In the listing that follows, find the line with "Snapshot of andrew_hoult", then copy exactly from it through the line with "Xe khách tông", leaving out every picture.

-- Listed entries follows --

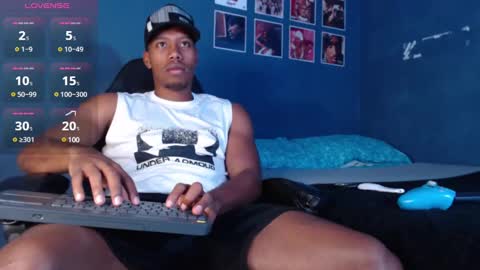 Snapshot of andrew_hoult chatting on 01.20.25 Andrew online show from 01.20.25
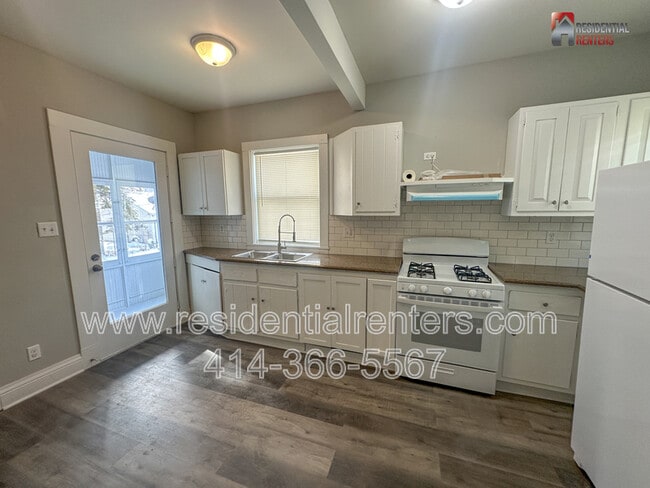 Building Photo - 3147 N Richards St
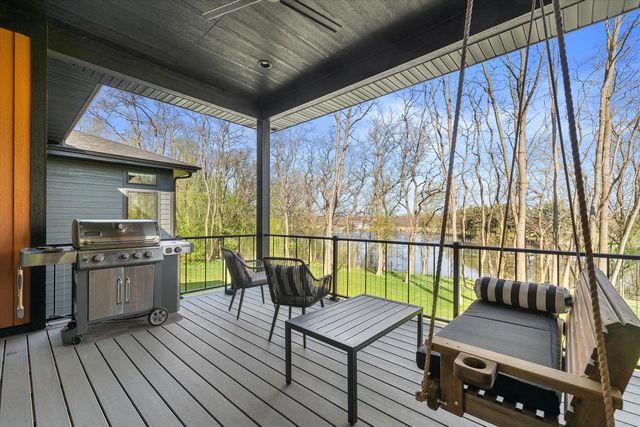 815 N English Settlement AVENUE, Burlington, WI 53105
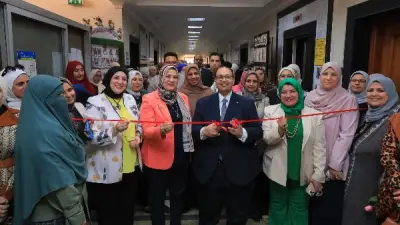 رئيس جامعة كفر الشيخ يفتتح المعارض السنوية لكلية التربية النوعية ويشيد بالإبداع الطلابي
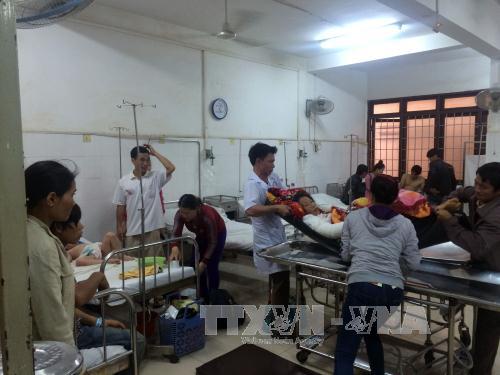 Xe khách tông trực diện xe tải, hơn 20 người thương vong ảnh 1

-- Listed entries concluded --
-- Listed entries follows --

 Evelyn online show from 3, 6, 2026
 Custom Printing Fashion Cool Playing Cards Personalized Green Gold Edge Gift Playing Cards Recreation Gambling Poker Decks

-- Listed entries concluded --
-- Listed entries follows --

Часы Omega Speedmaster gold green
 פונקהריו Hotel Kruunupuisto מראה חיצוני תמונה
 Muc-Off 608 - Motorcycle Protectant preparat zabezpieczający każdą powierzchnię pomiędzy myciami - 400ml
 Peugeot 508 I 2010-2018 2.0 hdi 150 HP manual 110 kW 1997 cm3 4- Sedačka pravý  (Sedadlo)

-- Listed entries concluded --

**Response area**
 Snapshot of andrew_hoult chatting on 01.20.25 Andrew online show from 01.20.25
 Building Photo - 3147 N Richards St
 815 N English Settlement AVENUE, Burlington, WI 53105
 رئيس جامعة كفر الشيخ يفتتح المعارض السنوية لكلية التربية النوعية ويشيد بالإبداع الطلابي
 Xe khách tông trực diện xe tải, hơn 20 người thương vong ảnh 1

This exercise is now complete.